Leading the future is possible, but you must unshackle yourself from the present.
In Czechia, they have a proverb: “A habit is a shirt made of iron.” The idiom captures an uncomfortable reality about human lives. We shape our habits, thereafter they shape us. By midlife, much of what we do is so ingrained that, like an iron shirt, it becomes near impossible to cast off.
Yet when the business journalist Charles Duhigg investigated human behavior for his 2012 book The Power of Habit, he discovered a curious truth. Habits, as iron-clad as they are, can be broken – if you know how.
Duhigg revealed that every human habit consists of three elements: cue, routine and reward. These apply to even the most prosaic of functions. Take our morning ritual. Waking is a cue for many leaders to crave a cup of coffee. The routine is their walking to the kitchen, finding a cup, brewing and pouring the drink. The reward is the caffeine hit they receive. Soon after drinking they are no longer bleary-eyed and languid, but alert and motivated. Thus, the cue-routine-reward creates a powerful ‘habit loop’ that is enduring, and self-sustaining.

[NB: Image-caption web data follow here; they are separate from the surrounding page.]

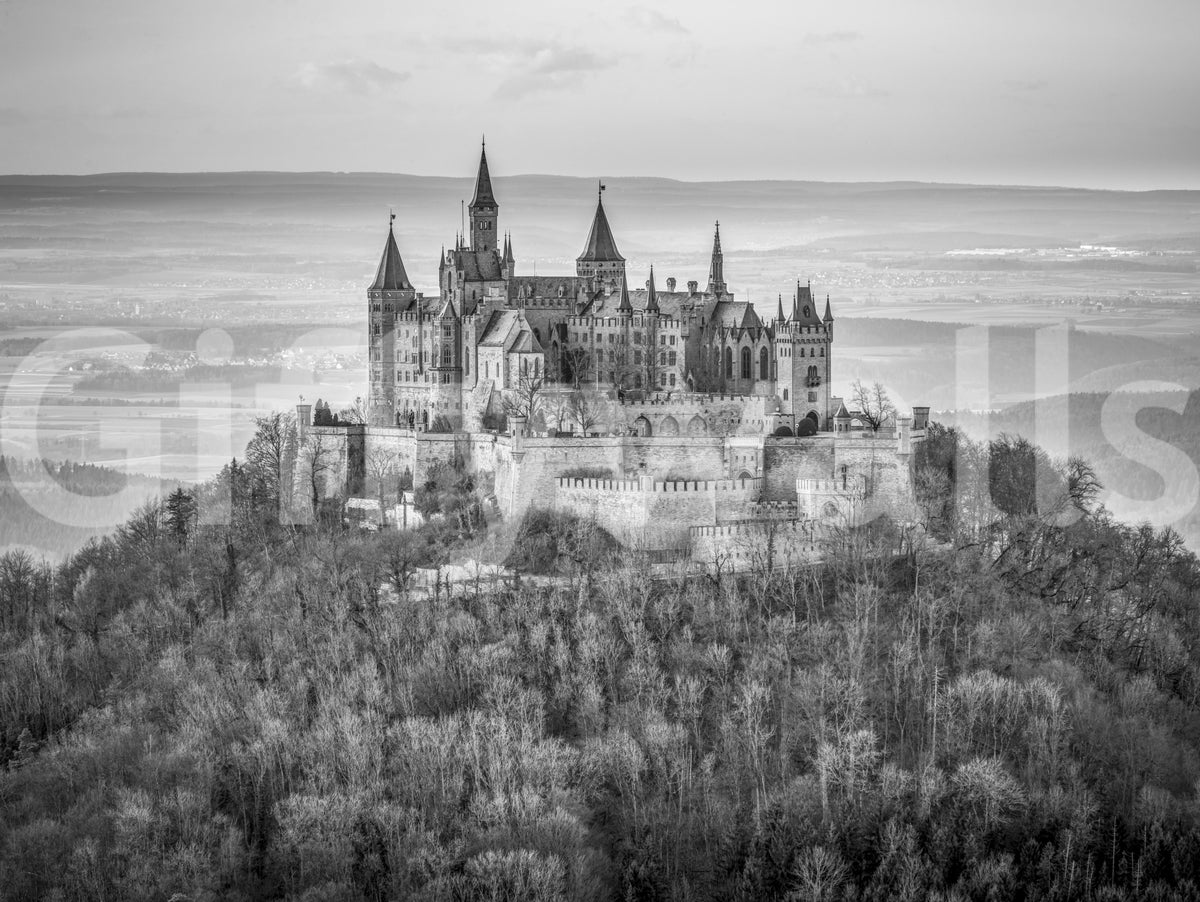 Murale da parete con silhouette della fortezza di Hohenzollern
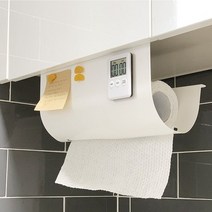 소소하게 양면테이프NO 고정홀더 EU감성 키친타올걸이 자석홀더, 사각 블랙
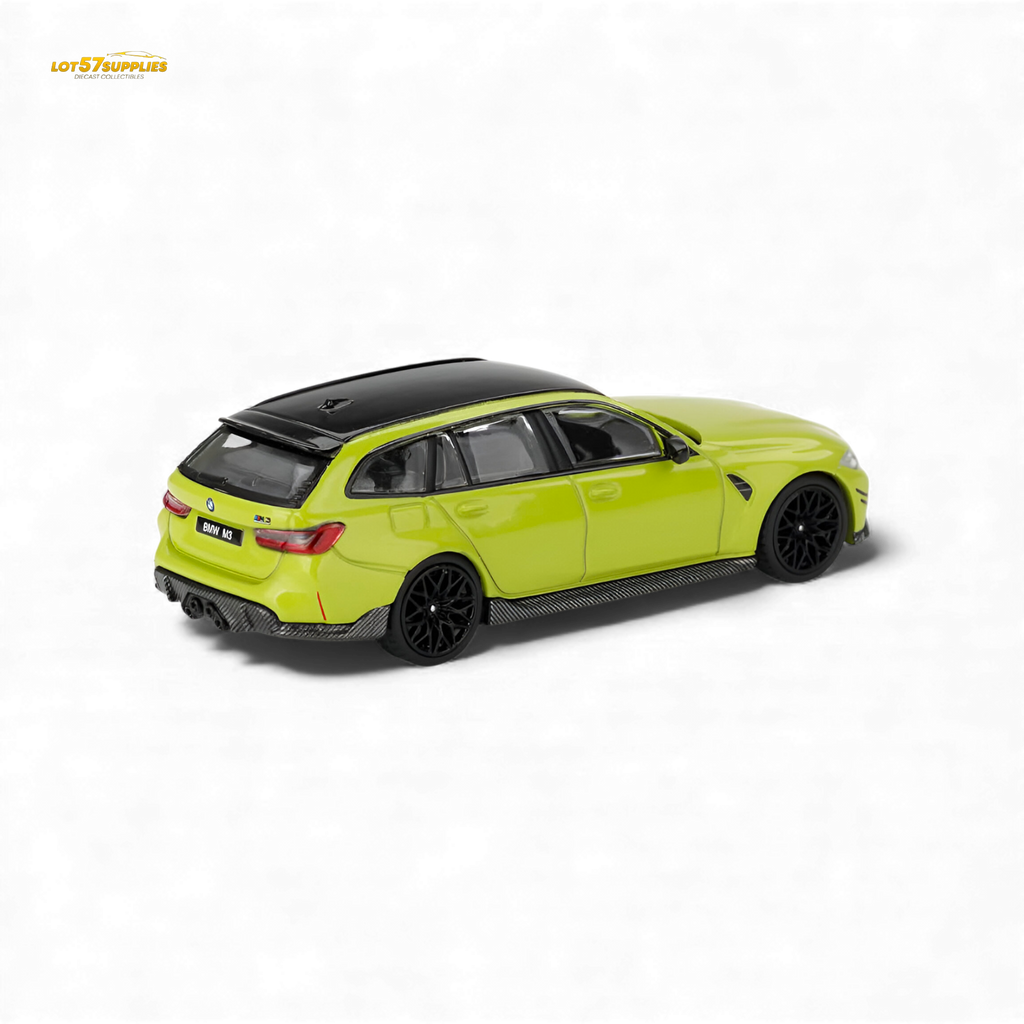 (Pre-Order) Mini-GT BMW M3 M Performance Touring - Sao Paulo Yellow 1:64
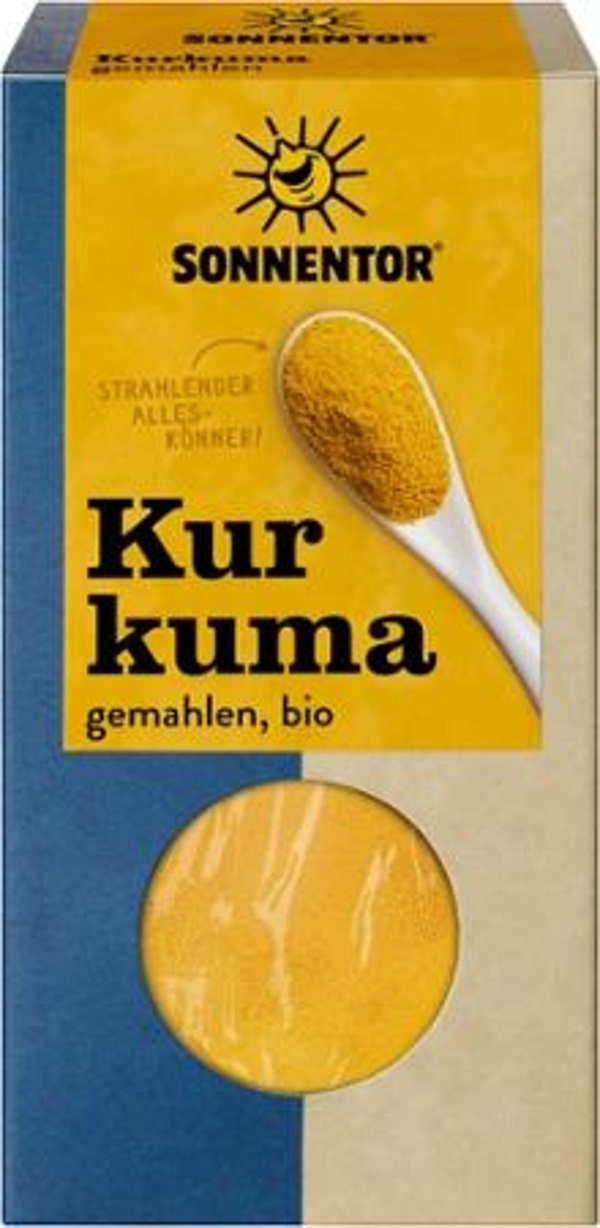 Produktfoto zu Kurkuma (Gelbwurzel) gemahlen 40g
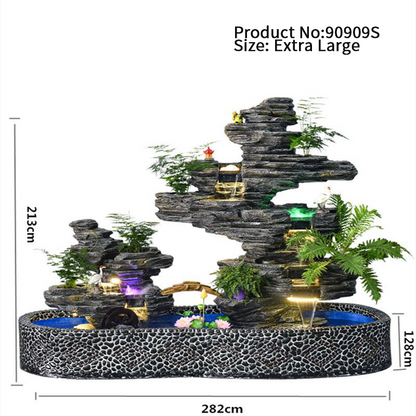 CHENYISHI Large Rockery Water Fountain Courtyard Fish Pond Fish Tank Villa Landscaping Landscape Ornaments Home Furnishings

Few of us wish to abolish our cherished morning coffee, so there is little need to break that habit loop. Yet problems arise when there are habits of which we should – or must – be rid. Leading for the future demands such uncoupling. If we, like old dogs, fail to learn new tricks, we are doomed. What’s next is alien to what has been. The AI age is dawning. And, like the advent of any other epoch, there are traps that must be avoided. The pitfalls with AI are manifold. But they fall broadly into three categories.
The first is factual. AI optimizes all information, regardless of whether true or false. Hence the phenomenon of so-called AI ‘hallucinations’, which, in plain business English, are called ‘errors.’ This proliferation of disinformation and misinformation requires enhanced critical-thinking capacity among leaders and teams.
The second is procedural. Change is hard. People resist progress because they fear change or worry that AI tools might render them obsolete. As this column noted in Dialogue Q2 2024, people faced with change frequently flee or freeze, rather than calmly assess how they can survive, or thrive, in the coming shift.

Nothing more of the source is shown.